American musical duo, founded 2004

Future Folk is a New York City-based folk music comedy duo. Founded as a live act in 2004, the duo includes the characters General Trius (Nils d'Aulaire) and The Mighty Kevin (Jay Klaitz).

==Career==
After co-starring in an Off-off-Broadway musical comedy titled Who Is Wilford Brimley?, d’Aulaire and Klaitz brainstormed ideas for an act that involved roots music from outer space. They composed songs for the project, which revolved around a fictitious planet named Hondo, and crafted costume helmets from plastic buckets and duct tape.

After a performance in New York’s East Village, they evolved the act, expanding back stories and developing their characters with each performance. They first appeared as Future Folk in 2005 at Tonic in Times Square, performing at a party celebrating the Westminster Kennel Club Dog Show.

In 2012, they released a studio album titled Future Folk, Vol 1.

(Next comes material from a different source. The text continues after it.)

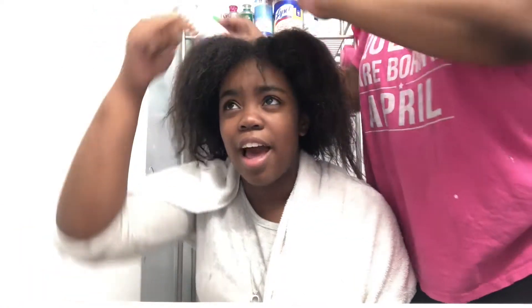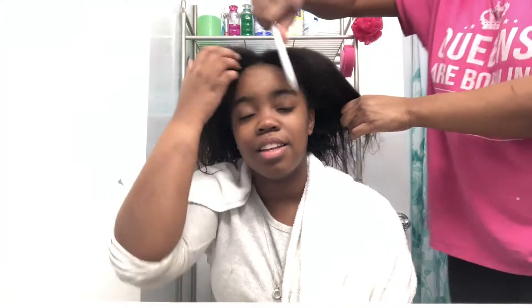Hi guys, it's me, Rhea, and I'm back with another YouTube video. Today I'm going to be commentating for most of the video because I will be showing you guys how my hair turned out after using Electric Paradise, the Arctic Fox shade.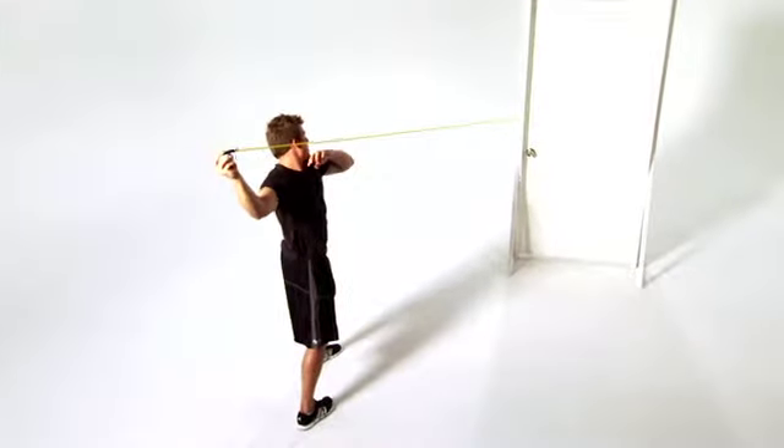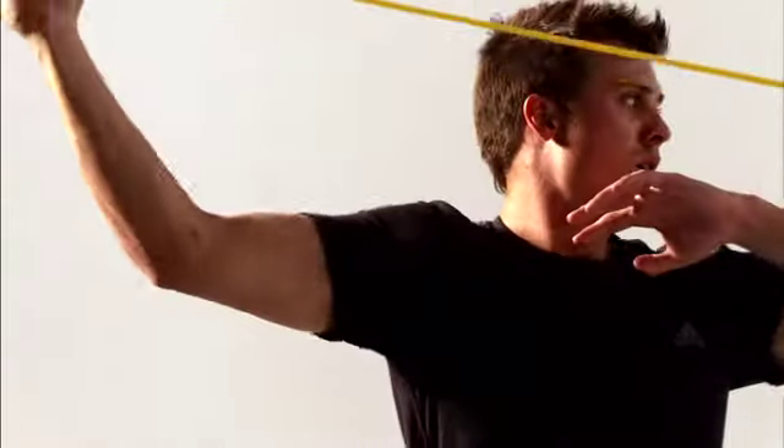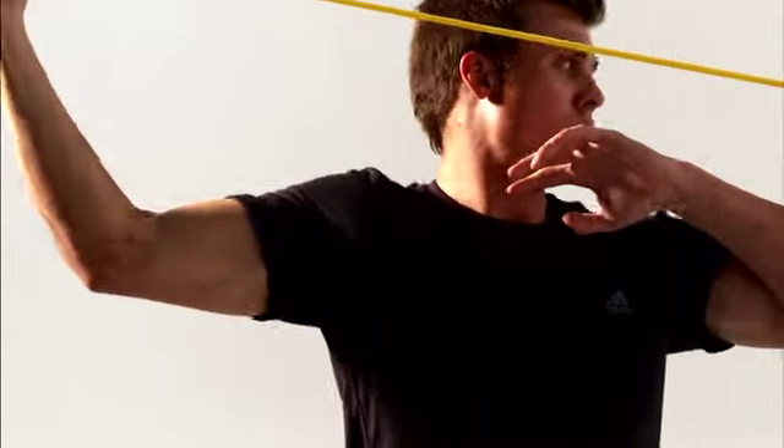This is reverse throwing. This move helps improve shoulder strength and stability to protect your throwing shoulder and decrease the risk of pain and injury. Let's get started.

===The History of Future Folk===

In 2012, Future Folk filmed a feature-length movie, The History of Future Folk, which chronicles the duo's arrival on Earth and their subsequent attempt to save both Hondo and Earth from annihilation. Jeremy Kipp Walker and John Anderson Mitchell, who provided writing, production and directorial guidance, simplified the pair's back story to accommodate the narrative within the film's modest budget.

In the film, d'Aulaire plays Bill Hunt, AKA General Trius, who has been on Earth for some time and has a wife and child, while Klaitz plays Kevin/The Mighty Kevin, who has been sent from their home planet to find General Trius. The cast includes Julie Ann Emery as Holly, the wife of Bill who believes that General Trius is just a name he made up for stories he tells their daughter.

The feature film was distributed by Variance Films in 2013. and became available on Netflix in 2014.

Future Folk received positive critical reviews, with the Washington Post describing their film performance as "goofy, endearing and wholesome," and the Los Angeles Times praising their "sweet harmonies" and "impressive acoustic picking."

=== Post-Film ===
The band's second album, Future Folk Live On Earth, was released in December 2014. It included live versions of many songs from their first album, as well as three new tracks (Hondonian Band, String Theory, and La Luna Extranjera). The band continued to play regular live gigs until 2016. Two new singles, Hondo and Rocket Tow Truck, were released in September, 2017, before the band went into an indefinite hiatus.

When asked by fans if the band planned to eventually return, General Trius explained they were "on vacation about 2.5 light years away" but did in fact plan on returning. As of July, 2021, the band said "We have some things cooking."